In many patients with diabetes, early signs leading to diagnosis include abnormal levels of glucose, increased urinary excretion, and higher food consumption.
While those symptoms may be able to determine likelihood of diabetes diagnosis, machine learning could be the most capable way of accurately predicting future onset of diabetes, a new study has found.
As published in the Journal of the Endocrine Society, a research team utilized a form of artificial intelligence known as machine learning, which comprises of computerized algorithms learning and adapting to new patterns when exposed to fresh data.
For the study, over 500,000 medical records from more than 130,000 patients were analyzed by the research team, 65,505 of which were regarded as having no prior history of diabetes. The records, dated 2008 through 2018, were based in a populated region of Japan.
In the records were physical exams, questionnaires, and annual blood and urine tests. “The data included physical exams, blood and urine tests and participant questionnaires,” a news release states.
“Patients without diabetes at the beginning of the study who underwent more than two annual health checkups during this period were included.
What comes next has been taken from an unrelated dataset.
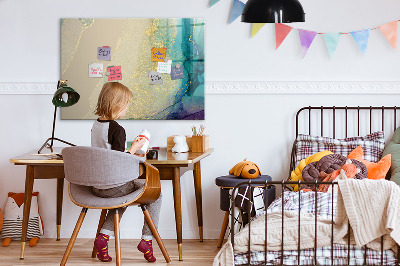 Magnetic board for drawing Colored marble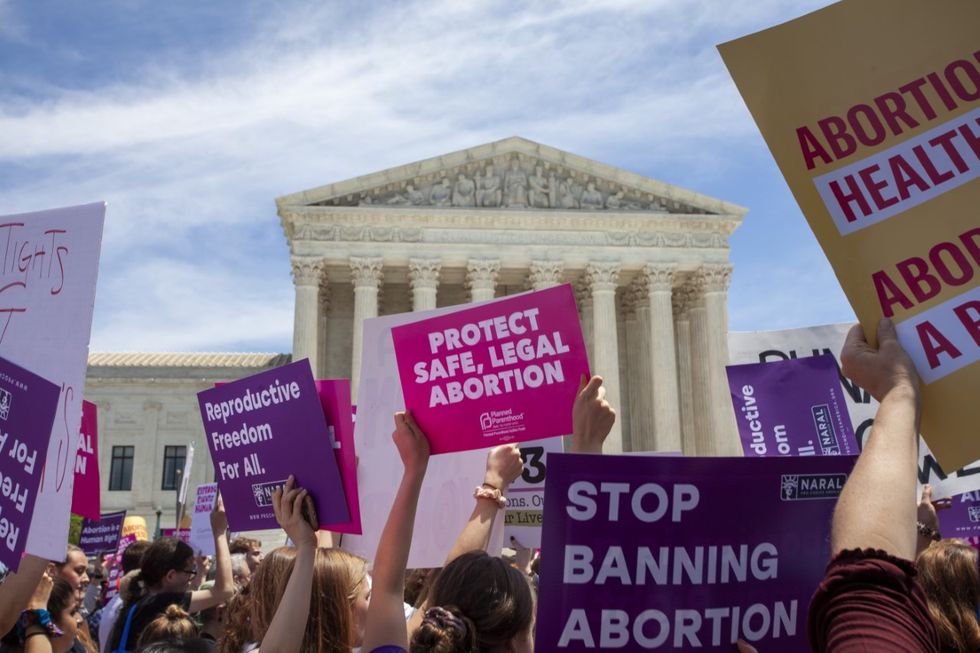 rally in front of the supreme court in support of abortion rights on may 21, 2019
New cases of diabetes were recorded during patients’ checkups.”
Upon the completion of their analysis, researchers found that their implementation of machine learning was able to predict the onset of diabetes with an accuracy of nearly 95%. Throughout the study, 4,696 were identified as new patients with diabetes, based on researchers’ assessment.
“In conclusion, the machine learning-based prediction model satisfactorily identified the diabetes mellitus (DM) onset prior to the actual incidence,” the findings concluded.